The second way in which Scyther saved this fic is that his scene in chapter eleven (now ten) where he talked to Mark was the first part in the story where I decided that writing Pokémon speech as "Scyther scy scyther ther scyther" and then having Mark essentially repeat what the Pokémon said before answering was just too silly, so I decided I might as well just translate it directly with a note that it was being translated. The decision to do this paved the way for generally giving the Pokémon more interesting dialogue, thus helping in their development as proper characters.
Similarly, the third aspect in which Scyther was good for the story is that his backstory was also what prompted me to start using gendered pronouns for Pokémon after having stubbornly stuck with 'it' up until that point. When I was writing chapter 30 (now 27) in advance while chapter 23 was in progress, I realized that it was just exceedingly awkward to continue to call Scyther 'it' even while his own dialogue was making it obvious he was male, and thus I inserted a little scene into chapter 23 to make Mark and May decide that calling their Pokémon 'it' was ridiculous. This was also a step towards making the Pokémon characters feel more natural as a part of the cast.
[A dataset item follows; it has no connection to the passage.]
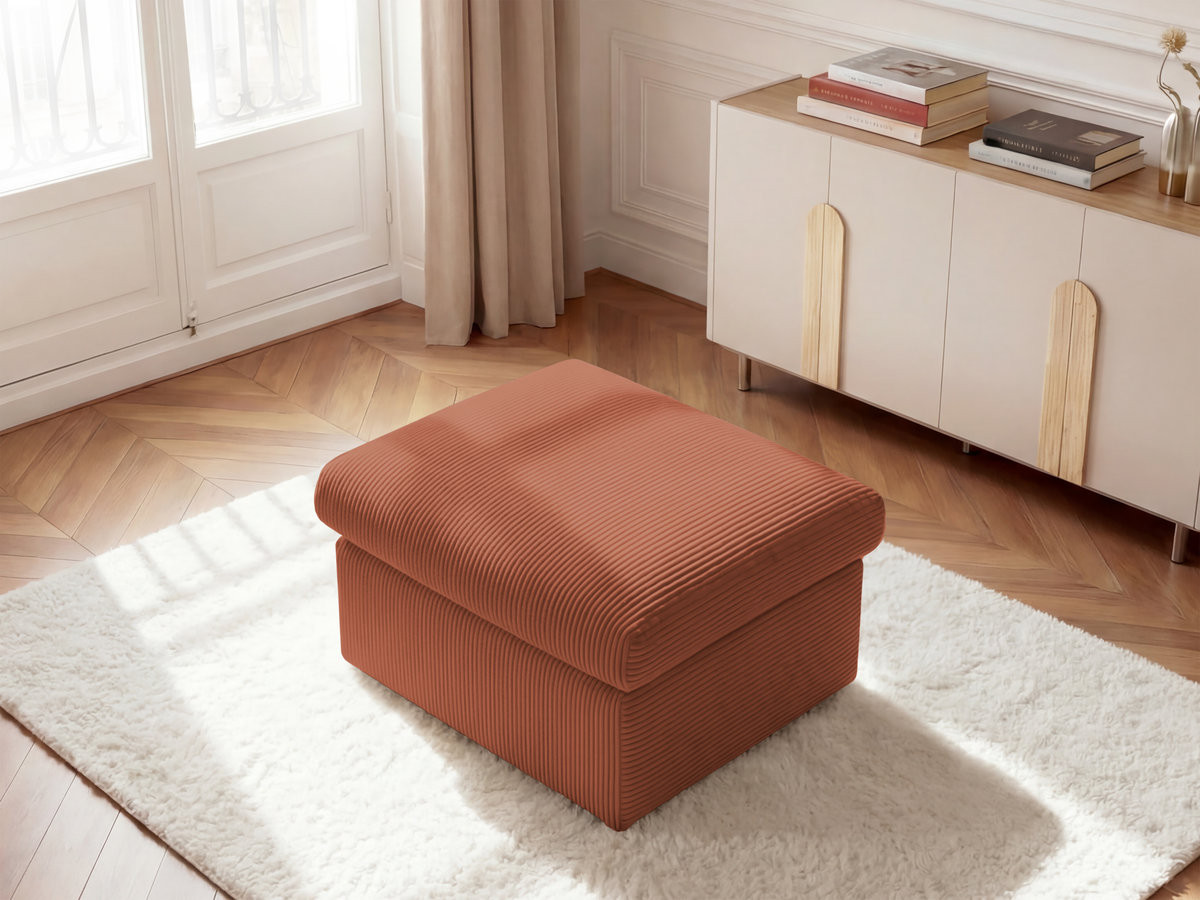 Pouf ENORE velours côtelé orange — vue 6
Fourthly, also in relation to the Pokémon characterization department, the Scyther/Charmeleon rivalry was my first attempt at actually making the Pokémon into storyline-driving characters - while I'd had Charmander as a vague plot device (what with having belonged to Taylor and then briefly to May) and Gyarados was mysterious, the Scyther/Charmeleon rivalry actually had them with their own motives influencing the events of the story, which was a first. Yet again, the Scyther/Charmeleon rivalry was a spontaneous addition; it was not planned and nothing of the sort would have happened had I not happened to write Scyther into Mark's team.
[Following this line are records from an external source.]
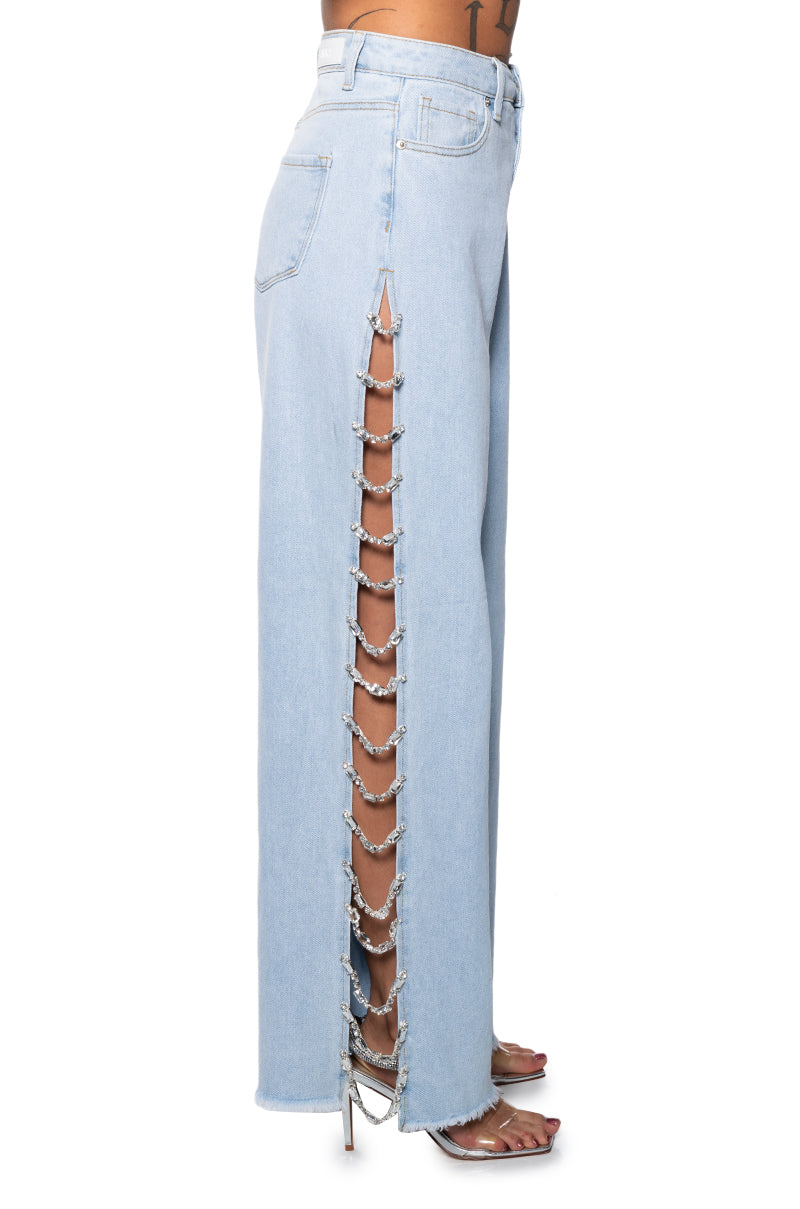 COVERED IN DIAMONDS RELAXED JEANS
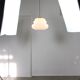Mid-century italian brass and opaline cloud pendant lamp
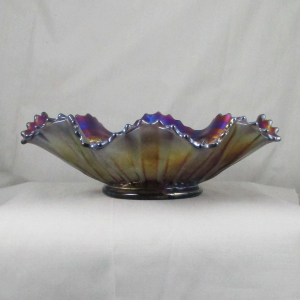 Antique Northwood Amethyst Three Fruits Stippled Carnival Glass Bowl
Fifthly, related to the first and fourth items, the Scyther/Charmeleon rivalry was also the first real character-based subplot in the story in general, which both paved the way for more subplots and general characterization and made the story more interesting while it was going on, both for me and (or at least I'd like to think so) for readers, making the wait for the start of the real plot not quite as long and pointless.
The Scyther/Charmeleon rivalry also served to give Charmeleon more character and made me like him a lot. Charmander developed a lot of confidence after he evolved, coupled with some measure of overprotectiveness, though it didn't take long for it to stop being about Scyther being a potential danger to Mark and just became a personal vendetta; once he'd evolved again, he gained some perspective on this very fact and thus realized his wrongdoing. While his weird suicidal act in chapter 23 was just odd and the change is kind of sudden, I plan to try to fix that later. He was most fun to write as a Charmeleon, though.
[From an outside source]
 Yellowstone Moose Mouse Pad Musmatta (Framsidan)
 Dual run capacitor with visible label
Of course, here I've been speaking of the Scyther/Charmeleon rivalry as if it were some grand mother of all subplots with depth to rival the Lake of Purity. It is not; looking back at it, it is marvelously poorly developed, beginning in one chapter with then scarcely a mention of it until six chapters later at which time it has suddenly escalated greatly and then lying dormant again until six further chapters later when it is magically resolved. But here it's the thought that counts. It made me decide I wanted to do stuff like character-based subplots and characterize the Pokémon as active agents in the plot, and even if that particular attempt wasn't very good, it at least made me keep trying.
By contrast, Leta's character-based subplot started much later - in fact not until the ILCOE - and thus ended up far better. She was supposedly rejected by her father for not being shiny like a shiny Letaligon's offspring ordinarily are. After her rejection, she developed an obsession with becoming stronger solely so that she can come back and show herself to be better by personally killing him and then watching her shiny siblings fight and kill one another in a sort of morbid revenge against them for having the privilege of being shiny while she doesn't.
There are many stories where shiny Pokémon are rejected for being different, and although I wasn't really thinking of it that way originally, Leta's story is a bit of a subversion of that - she is rejected for being normal when she ought to have been different. I rather enjoy that. My favorite thing about writing Leta, though, especially in later chapters, is her interactions with Mark, particularly her attempts to act independent and above him while still seeking his validation, such as just after she became a Letaligon.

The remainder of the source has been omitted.